The claim that the UK is a ‘nation of immigrants’ is misleading. For nearly a thousand years there has been relatively little net migration to the UK.
The huge scale of non-British immigration in the past two decades or so (running at over 500,000 per year, of which about 300,000 per annum have been long-term net arrivals) is totally unprecedented in our very long history.
In 1951 less than 4% of the population of England and Wales were foreign-born. This proportion had doubled to 8% by 2001 and nearly doubled again to 15% in 2016. Far from being in our DNA, mass immigration is a very recent phenomenon.
Previous episodes of immigration have been on a relatively small scale by comparison - in the 17th and 18th centuries about 50,000 French Huguenots arrived in Britain over a 40-50 year period.

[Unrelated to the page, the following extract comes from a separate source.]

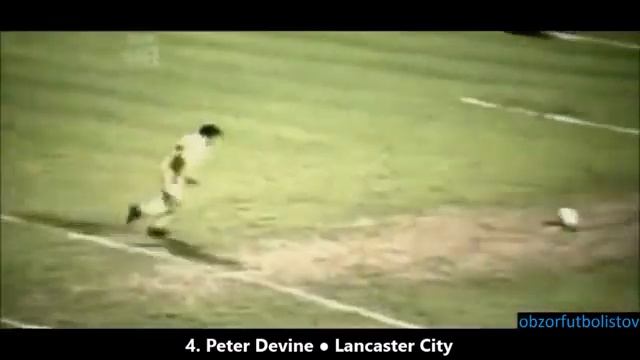 Топ 10 лучшие не забитые пенальти в истории смотреть онлайн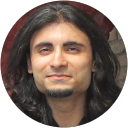 Anshuman Fotedar profile picture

Jewish refugees fleeing Russia, Eastern Europe and Germany arrived in Britain during the 19th and 20th centuries. Around 200,000 arrived over a 50-year period, averaging 4,000 per year.
The turning point was a major change in policy by the Labour government in the late 1990s. In the 13 years that they were in office, between 1997 and 2010, net migration to the UK by non-Britons totalled over three million.
Since the Conservatives took office in 2010, net migration to the UK by non-Britons has totalled 2.7 million.
In 2018, the BBC withdrew a video on the history of immigration, which was aimed at teaching 14 to 16 year olds, after we wrote to them pointing out a number of problems with it (see our piece).